Book 5: The Several Moral Virtues and Vices—Concluded. Justice.
Chapter 7: It is in part natural, in part conventional.
Now, of that which is just as between citizens, part is natural, part is conventional. That is natural which has the same validity everywhere, and does not depend on our accepting or rejecting it; that is conventional which at the outset may be determined in this way or in that indifferently, but which when once determined is no longer indifferent; e.g. that a man’s ransom be a mina, or that a sacrifice consist of a goat and not of two sheep; and, again, those ordinances which are made for special occasions, such as the sacrifice to Brasidas [at Amphipolis], and all ordinances that are of the nature of a decree.

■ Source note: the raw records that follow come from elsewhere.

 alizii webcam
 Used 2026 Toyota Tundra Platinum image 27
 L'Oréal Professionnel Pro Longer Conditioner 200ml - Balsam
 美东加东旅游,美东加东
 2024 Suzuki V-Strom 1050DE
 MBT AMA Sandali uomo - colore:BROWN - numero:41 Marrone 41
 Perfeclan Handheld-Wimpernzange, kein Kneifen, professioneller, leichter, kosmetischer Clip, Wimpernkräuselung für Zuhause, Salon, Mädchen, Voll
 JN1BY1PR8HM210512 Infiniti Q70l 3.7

Now, there are people who think that what is just is always conventional, because that which is natural is invariable, and has the same validity everywhere, as fire burns here and in Persia, while that which is just is seen to be not invariable.

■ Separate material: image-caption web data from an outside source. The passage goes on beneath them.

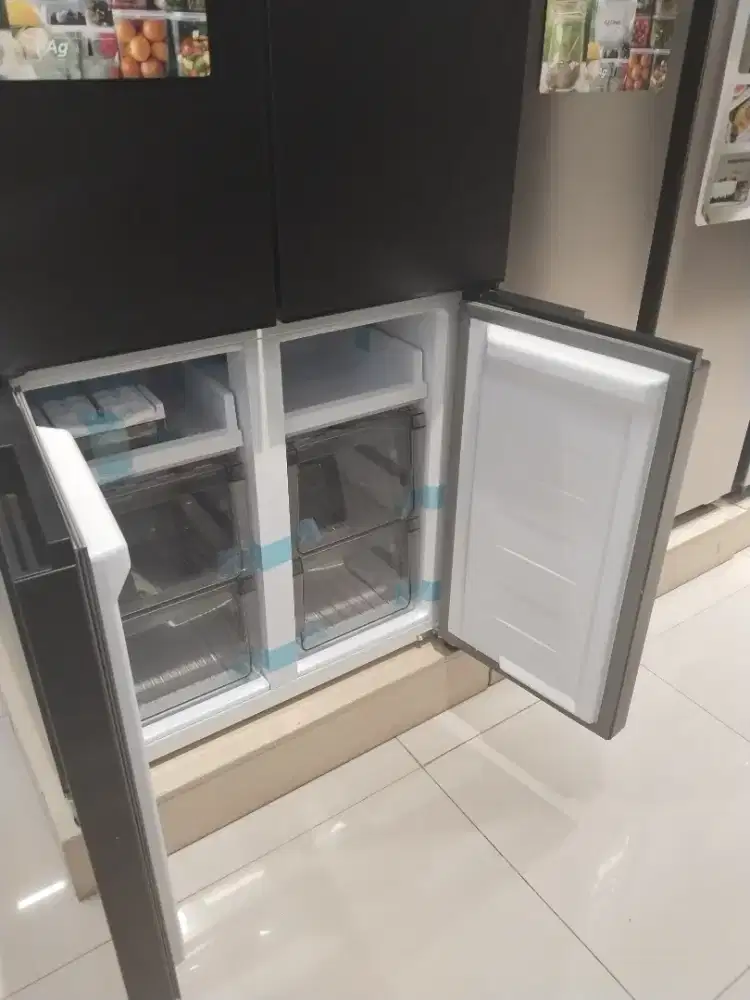 Kulkas multi door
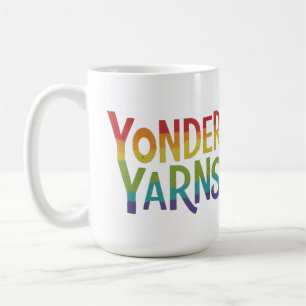 Yonder Garne Kaffeetasse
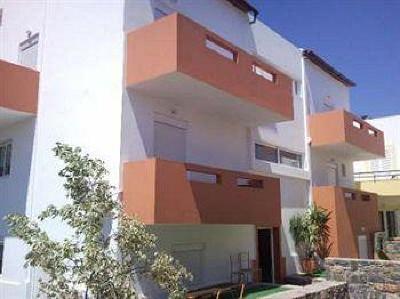 фото отеля Elounda Sunrise Apartments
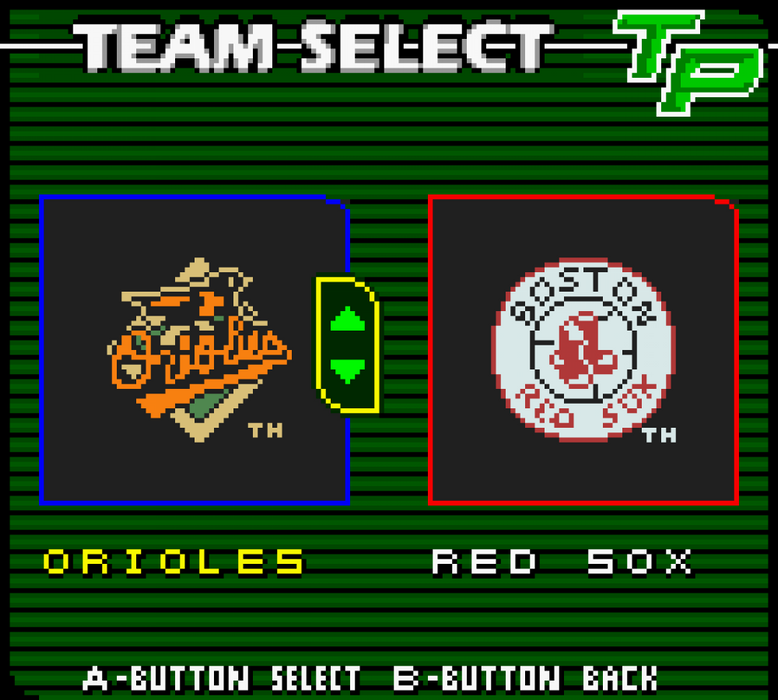 Triple Play 2001 – Game Boy Color (GBC) - for just $5.99!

But this is not altogether true, though it is true in a way. Among the gods, indeed, we may venture to say it is not true at all; but of that which is just among us part is natural, though all is subject to change. Though all is subject to change, nevertheless, I repeat, part is natural and part not.
Nor is it hard to distinguish, among things that may be other than they are, that which is natural from that which is not natural but dependent on law or convention, though both are alike variable. In other fields we can draw the same distinction; we say, for instance, that the right hand is naturally the stronger, though in any man the left may become equally strong.

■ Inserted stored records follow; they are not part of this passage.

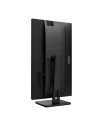 MONITOR AOC 24P2QM 23.8 inch, Panel Type VA, Backlight WLED, Resolution 1920 x 1080, Aspect Ratio 16 9, Refresh Rate 75Hz,
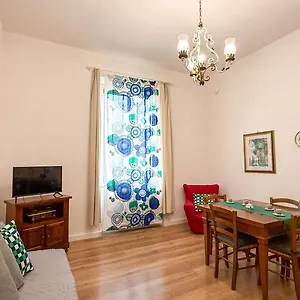 Villino Amelia Apartament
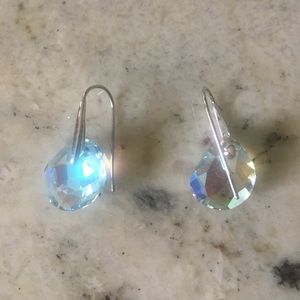 💎Authentic Swarovski Earrings! 💎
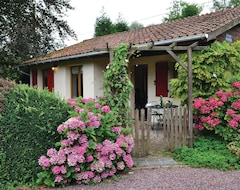Toàn bộ căn nhà/căn hộ 1 Bedroom Accommodation In Aubin Saint Vaast (Aubin-Saint-Vaast, Pháp)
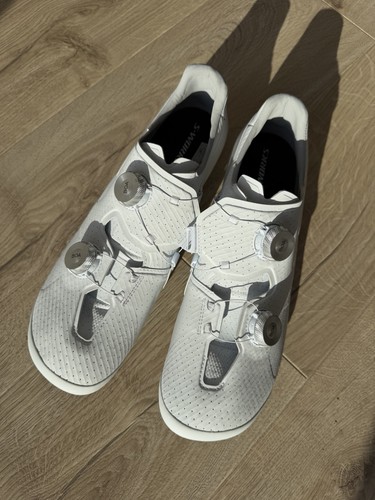 Works ares size 45 - s-works, 45.5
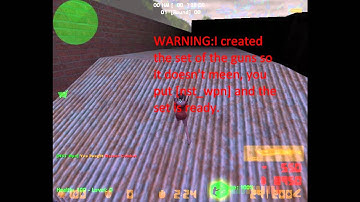 Counter Strike Xtreme V6 Zombie Mod 3 hacks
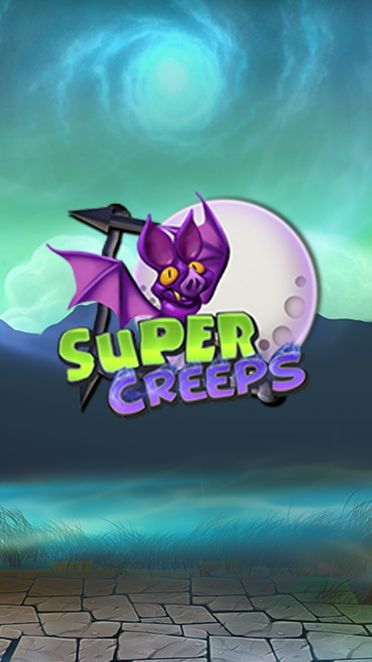 Super Creeps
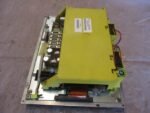 GE Fanuc MCU18862-001R00 Series 18i-M CNC Control Monitor Panel *Tested* - Image 9
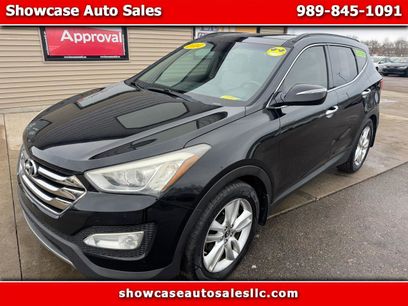 Used 2014 Hyundai Santa Fe Sport 2.0T w/ Technology Package 05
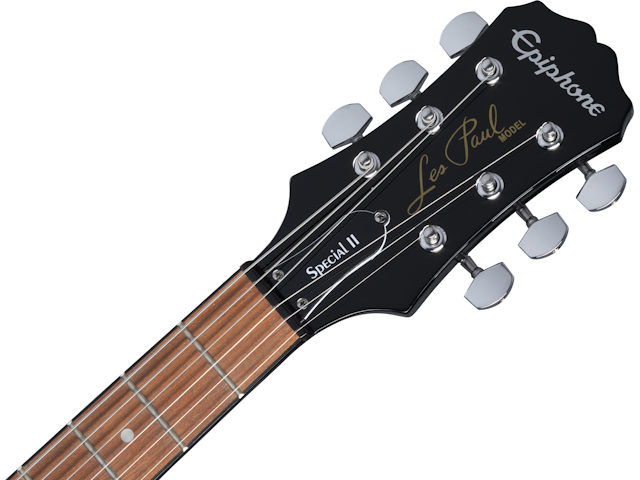 Epiphone | Les Paul Special-II E1 Ebony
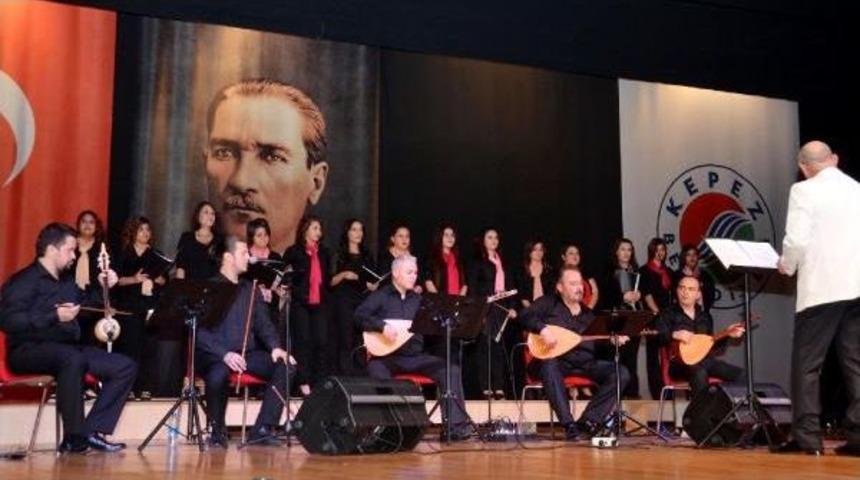Su&ccedil;tan Arinip Koro Kurdular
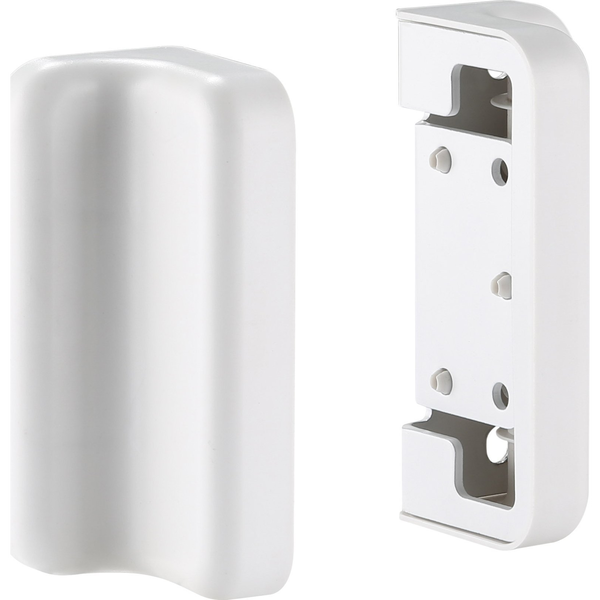 InLine 23180B Accessorio per il montaggio del monitor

And so, of that which is just, that part which is conventional and prescribed with a view to a particular end varies as measures vary; for the measures of wine and of corn are not everywhere the same, but larger where the dealers buy, and smaller where they sell. So I say that which is just not by nature but merely by human ordinance is not the same everywhere, any more than constitutions are everywhere the same, though there is but one constitution that is naturally the best everywhere.
The terms “just” and “lawful” in each of their several senses stand for universal notions which embrace a number of particulars; i.e. the acts are many, but the notion is one, for it is applied to all alike.
“That which is unjust,” we must notice, is different from “an act of injustice,” and “that which is just” from “an act of justice:” for a thing is unjust either by nature or by ordinance; but this same thing when done is called “an act of injustice,” though before it was done it could only be called unjust. And so with “an act of justice” (δικαίωμα); though in the latter case we rather employ δικαιοπράγημα as the generic term, and restrict δικαίωμα to the correction of an act of injustice. But as to the several species of acts of justice and injustice, we must postpone for the present the inquiry into their nature and number and the ground which they cover.